[Excerpts from a dataset]
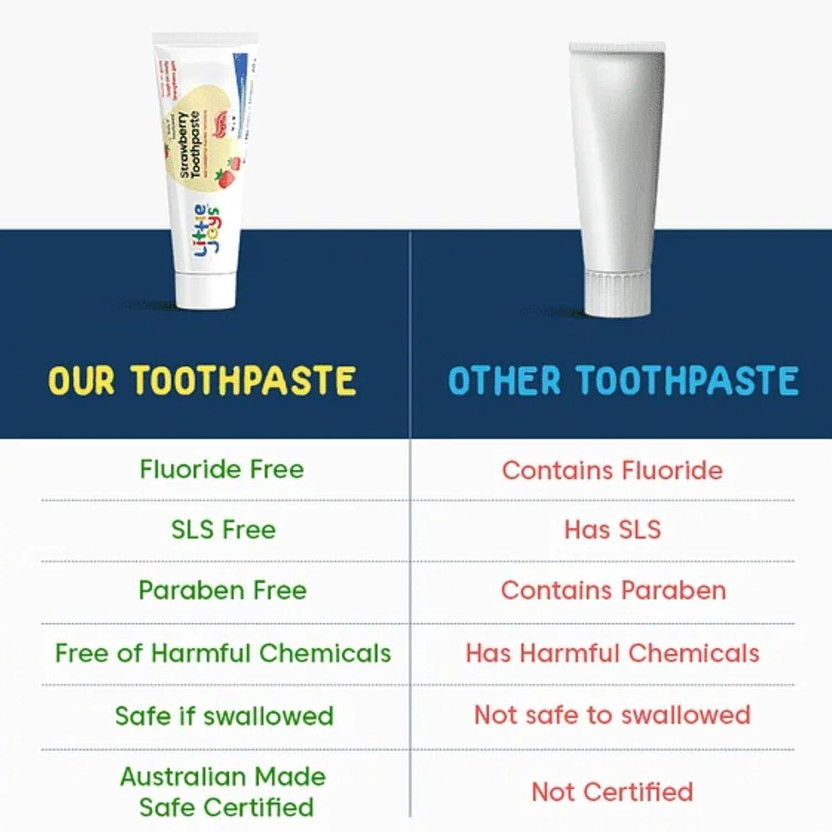 Little Joys Toothpaste For Kids (2-5 Yrs), Strawberry Flavour Toothpaste(60 g)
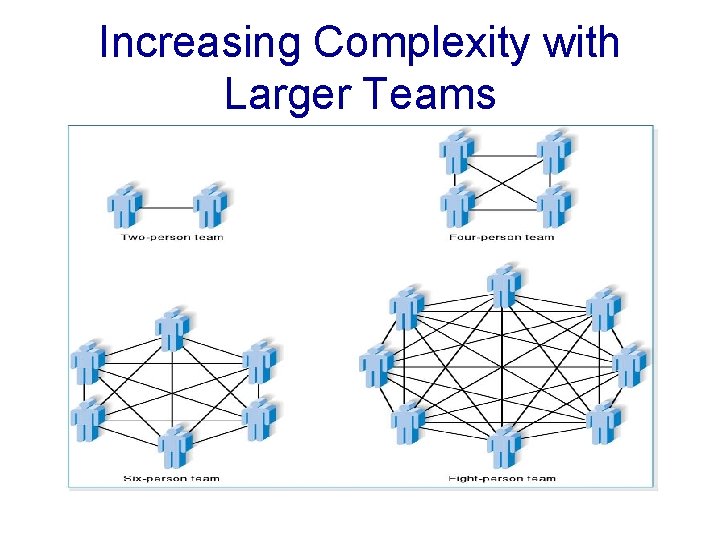 Increasing Complexity with Larger Teams 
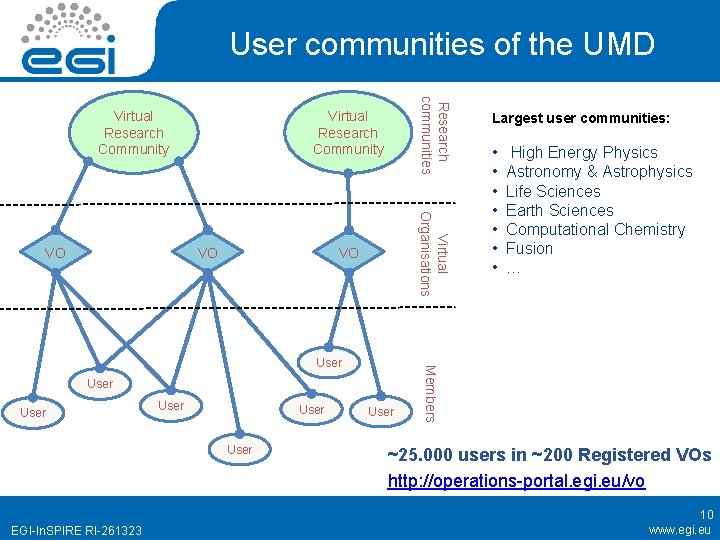 User communities of the UMD Virtual Research Community VO Virtual Organisations VO Research communities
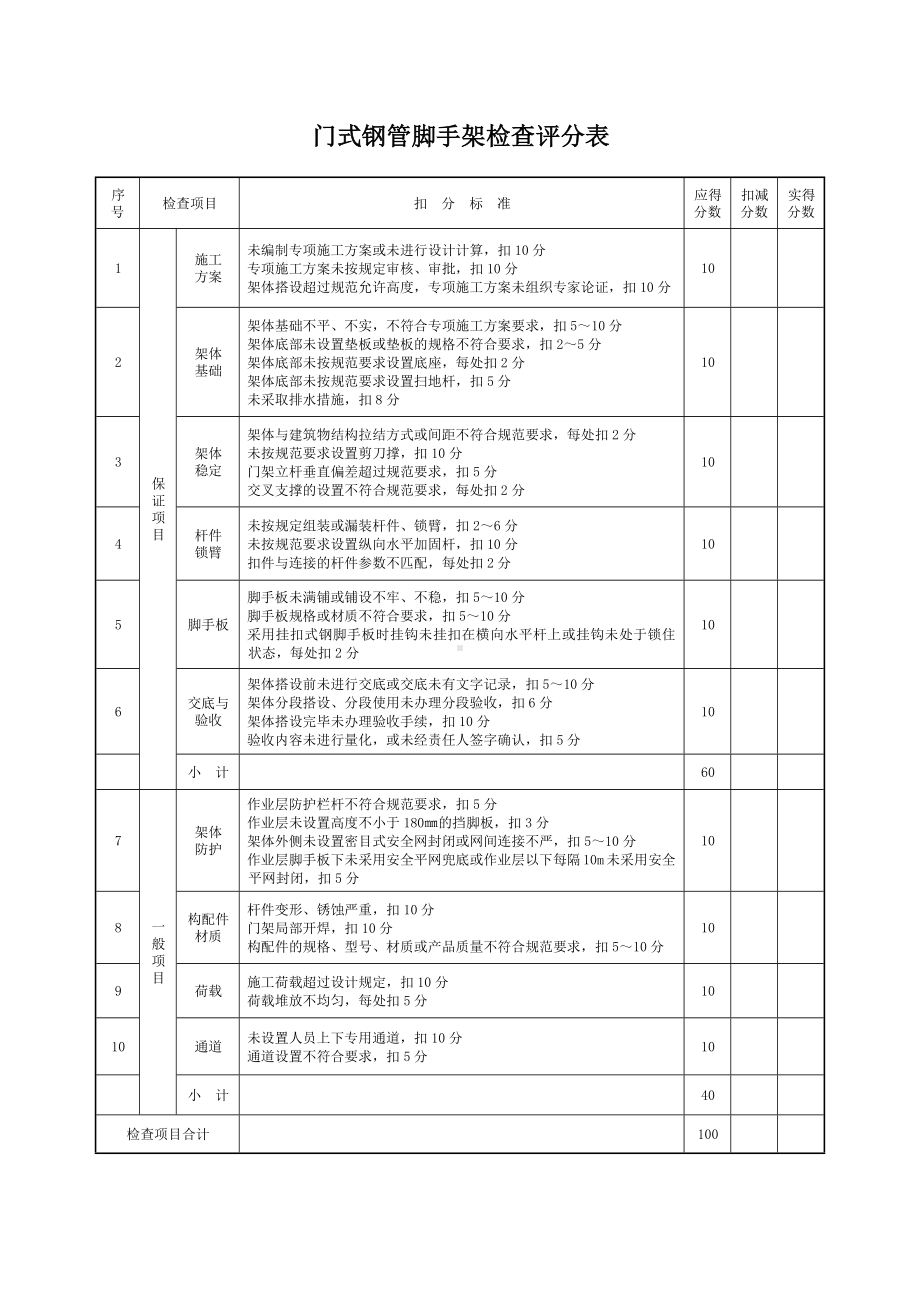 门式钢管脚手架检查评分表.docx_第1页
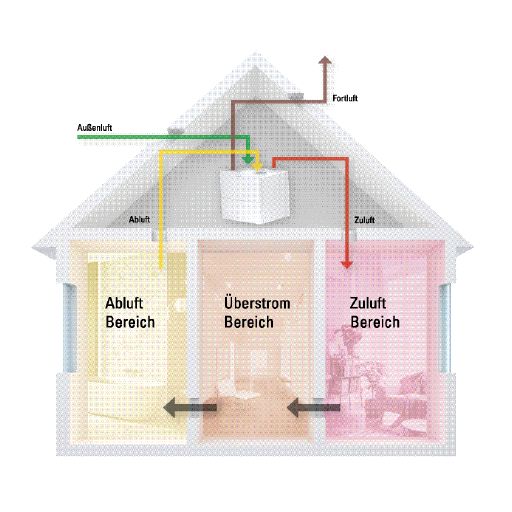 Viessmann zentrale Wohnraumlüftung Vitovent 300-W bis 250 m² Wärmerückgewinnung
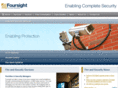 4sightinternatioal.com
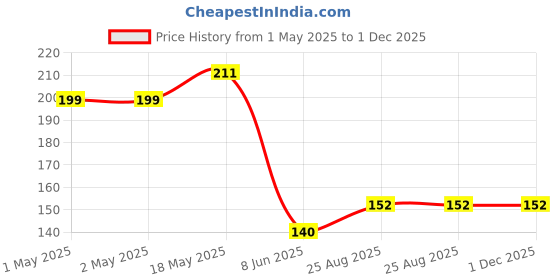 industrybuying.com KINGBRIGHT LED, Smd, Right-Angle, Blue, KPA-2106QBC-D (Pack of 5) kingbright Price History Graph from 1 May 2025 to 1 Dec 2025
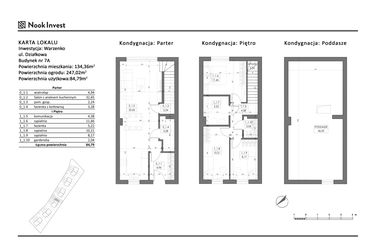 Rzut - Dom na sprzedaż 5 pokoi o powierzchni 84,79 m² - numer 7A w Domy nad jeziorem w Warzenku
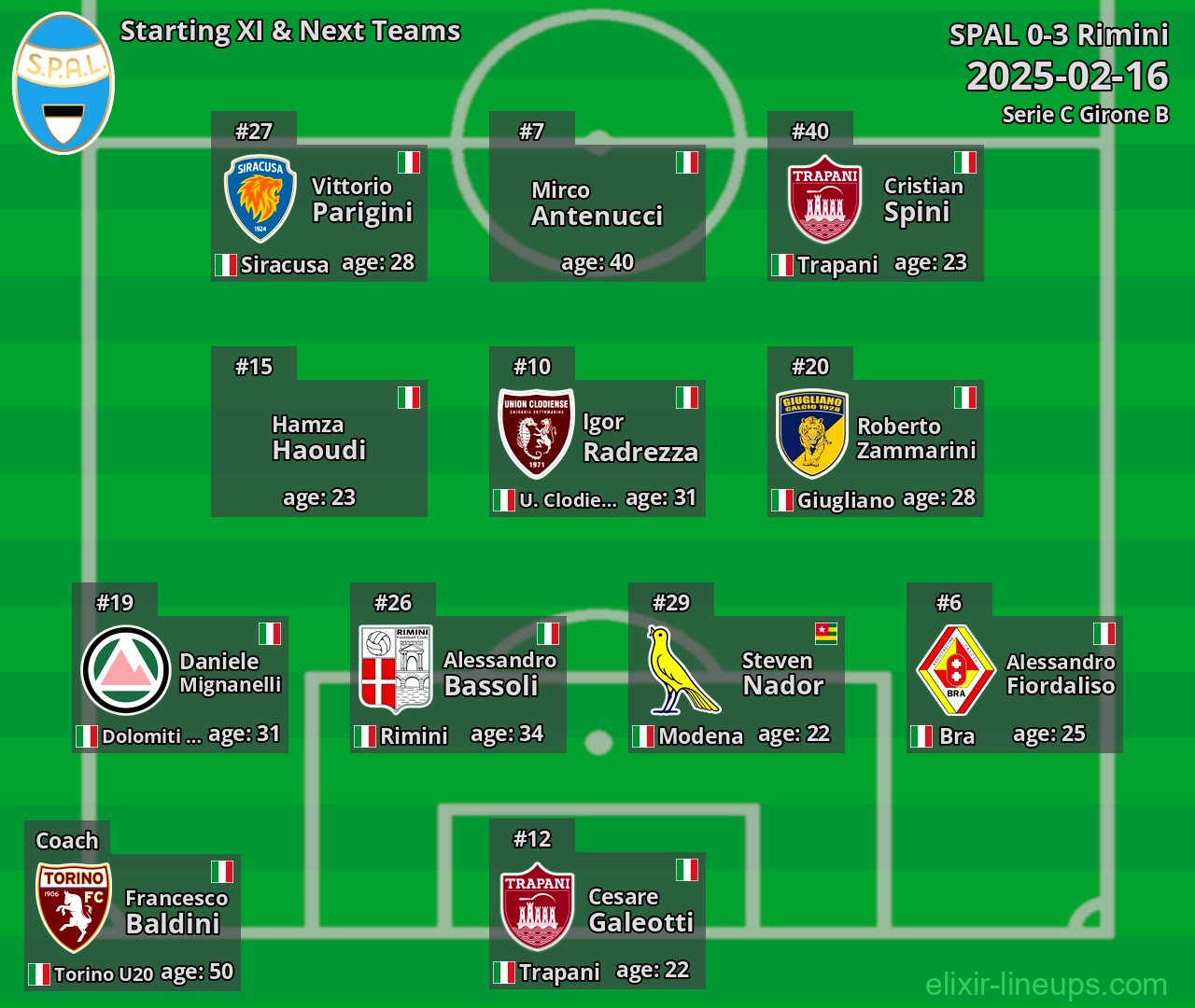 SPAL Starting XI & Next Teams 2025-02-16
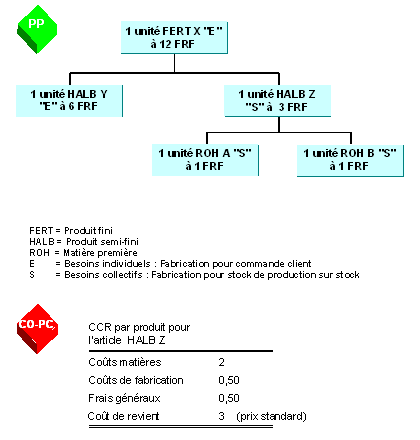 Ce graphique est expliqu&eacute; dans le texte aff&eacute;rent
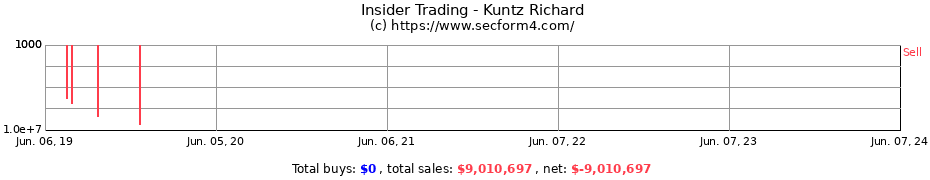 Insider Trading Transactions for Kuntz Richard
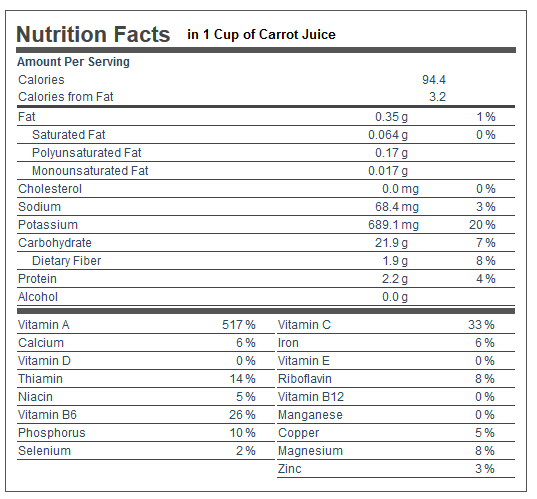 Nutritional Facts in 1 Cup of Carror Juice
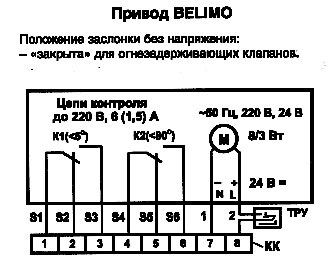 Supapa este de prevenire a incendiilor, supapa este ignifugă,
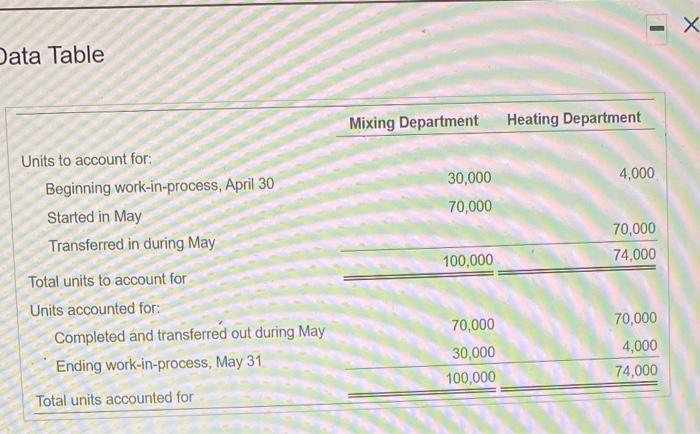 UNITS Uniscounted for Compiled and need Ending work Tous counted for Equivalent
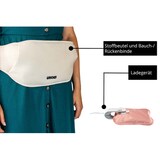thumbnail of Wärmi Elektrische Wärmflasche wohltuende Wärme an Bauch, Rücken, Nacken, Sichere Handhabung, ohne heißes Wasser, ohne Elektrosmog, bis 65 °C: Gr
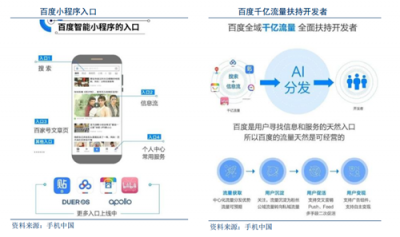 富途證券：BAT小程序之戰(zhàn)，誰能登上王座？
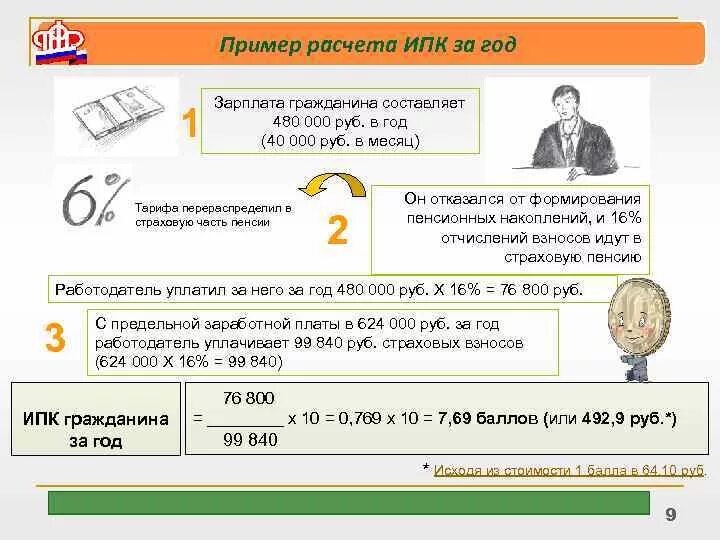 Пример расчета ИПК. Пример расчета ИПК для пенсии. Образец расчета ИПК. Формула расчета индивидуального пенсионного коэффициента. Составляет 480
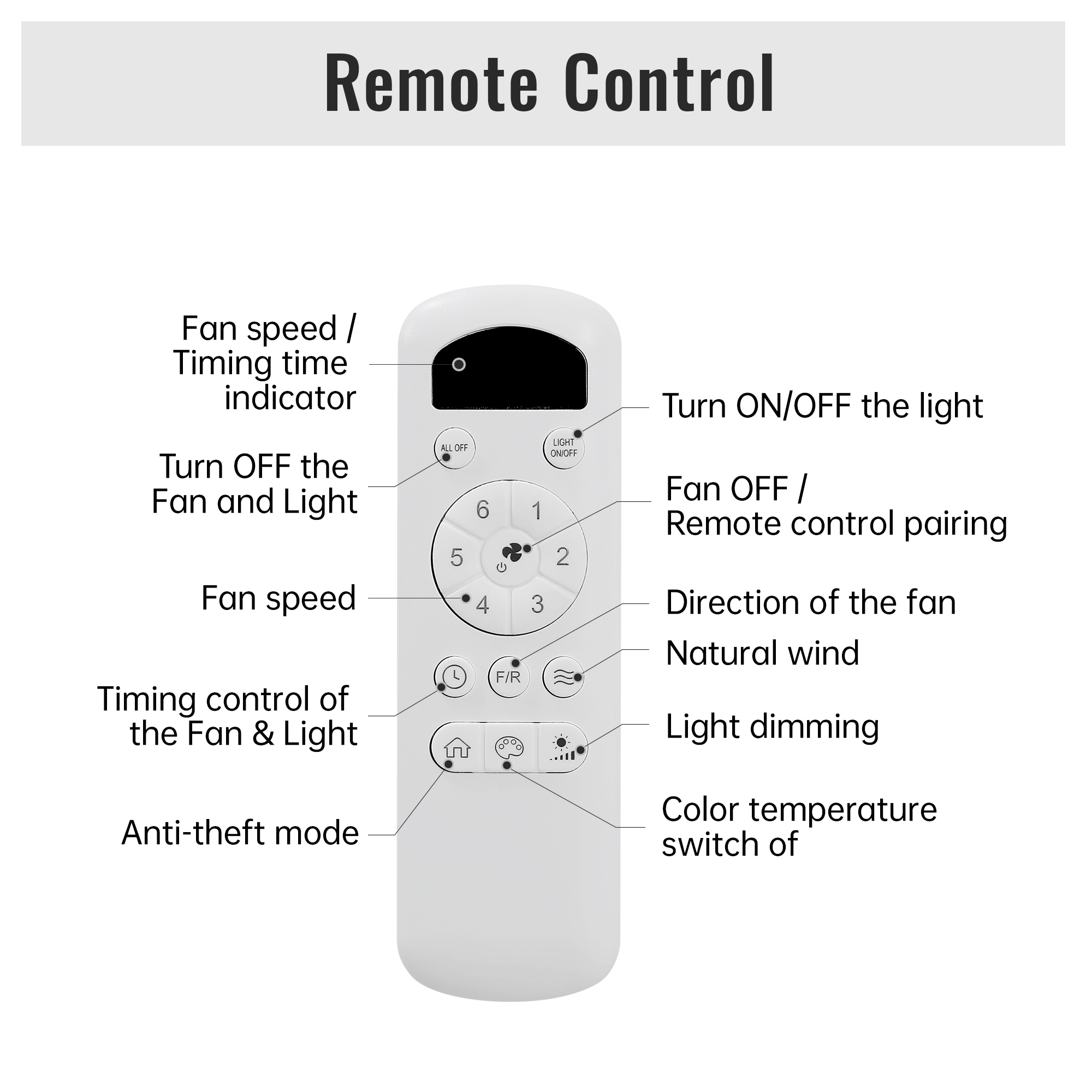 Télécommande ventilateur plafond multifonction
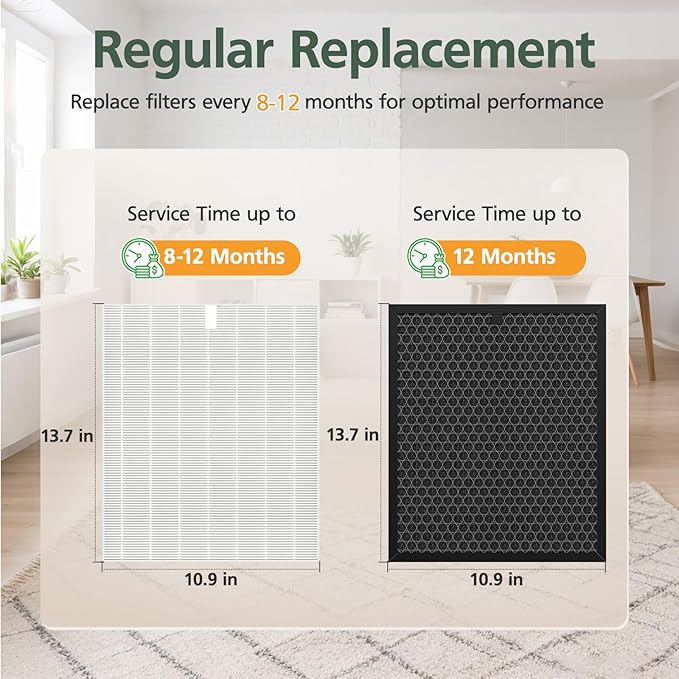 5510 5520 Replacement Filter Q Compatible with Winix 5510, 5520 PlasmaWave Air Purifi-ers, 1 x HEPA Filter + 1 x Activated Carbon Filter Combo for Dust Pollen Pet Smoke, Part# 1712-0123-00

### WHAT TO PRODUCE
Your reply must hold only the lines from the line containing "Rzut - Dom na" through the end of the records above, written out exactly, both ends included, with no pictures, please.

### RESPONSE TO THE EXERCISE
 Rzut - Dom na sprzedaż 5 pokoi o powierzchni 84,79 m² - numer 7A w Domy nad jeziorem w Warzenku
 SPAL Starting XI & Next Teams 2025-02-16
 Ce graphique est expliqu&eacute; dans le texte aff&eacute;rent
 Insider Trading Transactions for Kuntz Richard
 Nutritional Facts in 1 Cup of Carror Juice
 Supapa este de prevenire a incendiilor, supapa este ignifugă,
 UNITS Uniscounted for Compiled and need Ending work Tous counted for Equivalent
thumbnail of Wärmi Elektrische Wärmflasche wohltuende Wärme an Bauch, Rücken, Nacken, Sichere Handhabung, ohne heißes Wasser, ohne Elektrosmog, bis 65 °C: Gr
 富途證券：BAT小程序之戰(zhàn)，誰能登上王座？
 Пример расчета ИПК. Пример расчета ИПК для пенсии. Образец расчета ИПК. Формула расчета индивидуального пенсионного коэффициента. Составляет 480
 Télécommande ventilateur plafond multifonction
 5510 5520 Replacement Filter Q Compatible with Winix 5510, 5520 PlasmaWave Air Purifi-ers, 1 x HEPA Filter + 1 x Activated Carbon Filter Combo for Dust Pollen Pet Smoke, Part# 1712-0123-00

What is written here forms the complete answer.